Pre-Annotation

 

Pre-Annotation Overview

Generative AI Lab offers out-of-the-box support for Named Entity Recognition, Classification, Assertion Status, and Relation Extraction pre-annotations.
These features are highly effective for bootstrapping new annotation projects, allowing teams to begin with model-generated labels instead of starting from scratch. By leveraging pre-trained or domain-specific models, users can transfer expert knowledge directly into the annotation process—significantly reducing manual effort and improving consistency.

To run pre-annotation on one or several tasks, a Project Owner or Manager must select the target tasks and click Pre-Annotate from the top-right corner of the Tasks page.
A dialog will appear displaying information about the currently deployed model servers, including the list of models available and the labels each model predicts.

This information is important, especially when multiple users are training and deploying models simultaneously. Always review the list of deployed models and their corresponding labels before starting pre-annotation to ensure alignment with your project configuration.

If needed, users can deploy models defined in the current project (based on its Labeling Config) by clicking Deploy. Once deployment completes, pre-annotation can be triggered immediately.

Selecting Pre-Annotation Servers

Generative AI Lab supports multiple pre-annotation servers, enabling parallel annotation across different projects or configurations.
When clicking Pre-Annotate, the dialog lists all available servers. Project Owners or Managers can select the desired server, and details of its deployed configuration are shown for verification before proceeding.

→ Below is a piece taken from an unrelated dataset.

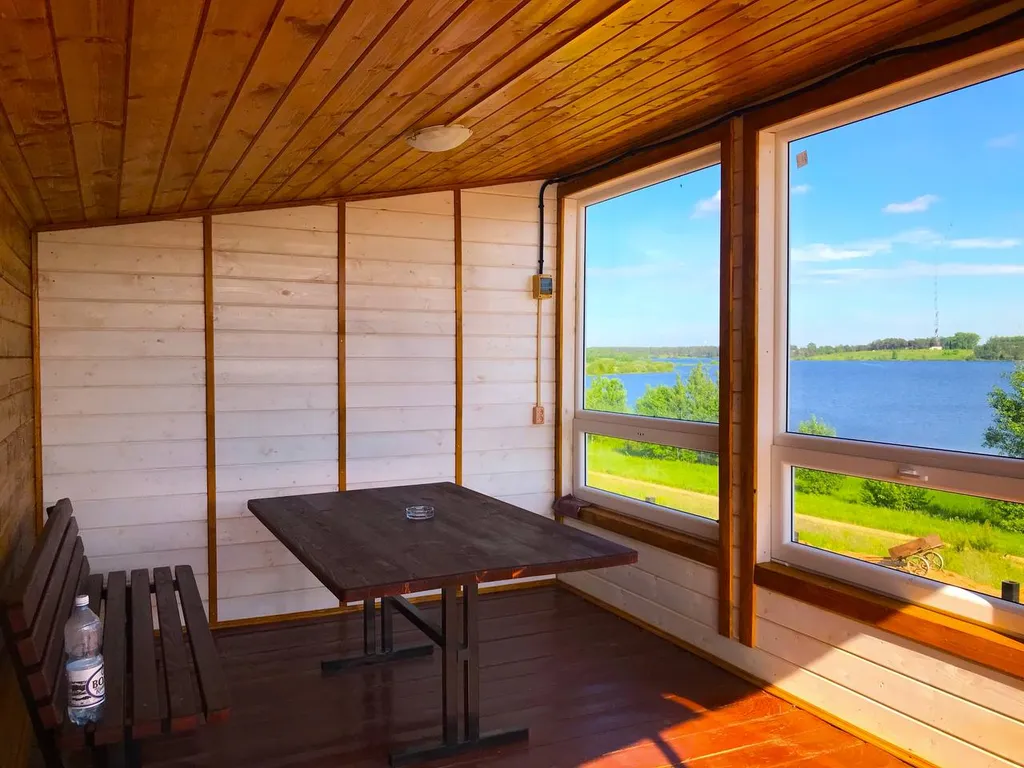 Коттедж Дом у озера — Ланино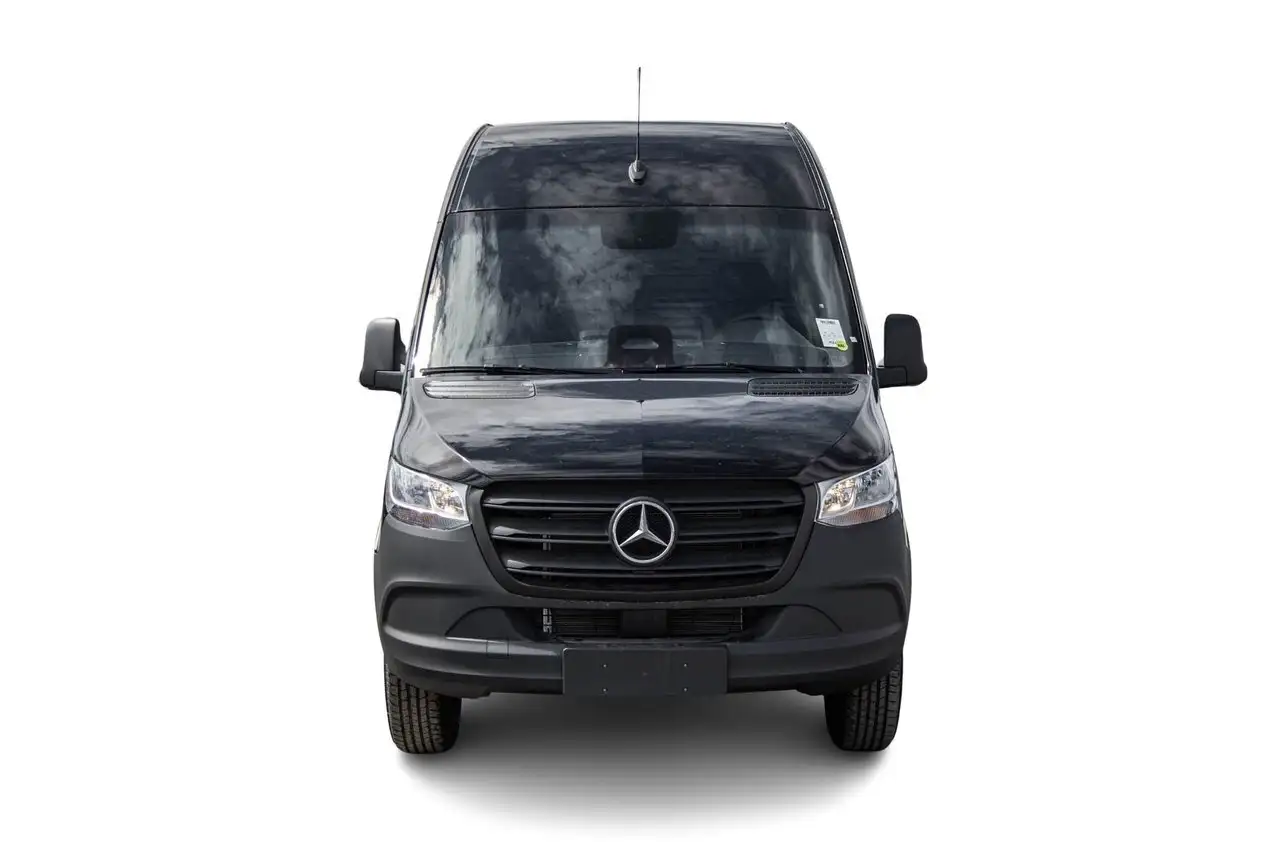 Mercedes-Benz Sprinter снимка Mercedes-Benz Sprinter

If no pre-annotation server currently exists for the project, the dialog provides an option to deploy a new server using the active labeling configuration.
If sufficient resources and licensing are available, the deployment begins automatically and pre-annotation starts once the server is ready.
If resources are unavailable, users can delete older or idle servers from the Clusters page under Settings to free capacity.

preannotation_dialog

Concurrent Processing

Generative AI Lab fully supports concurrent pre-annotation and training operations.
Multiple pre-annotation servers can run simultaneously, and training can occur on one project while pre-annotation runs on another.
This enables continuous productivity and optimal use of resources across multiple active projects.

Pre-annotation Approaches

Pretrained Models

On the Predefined Labels step of the Project Configuration page we can find the list of available models with their respective prediction labels. By selecting the relevant labels for your project and clicking the Add Label button you can add the predefined labels to your project configuration and take advantage of the Spark NLP auto labeling capabilities.

In the example below, we are reusing the ner_posology model that comes with 7 labels related to drugs.

Generative AI Lab

In the same way, Classification, Assertion Status, and Relation Extraction models can also be added to a project’s configuration and used for pre-annotation.
This allows teams to automate label generation for a wide variety of task types, not just NER, ensuring a consistent and efficient workflow across multiple annotation domains.

Finance, Legal, and Visual models downloaded from the Models Hub can be used directly for pre-annotation of NER, classification, or assertion projects.
Visual NER models, in particular, support pre-annotating text extracted from image-based or scanned documents, enabling end-to-end annotation of complex data types.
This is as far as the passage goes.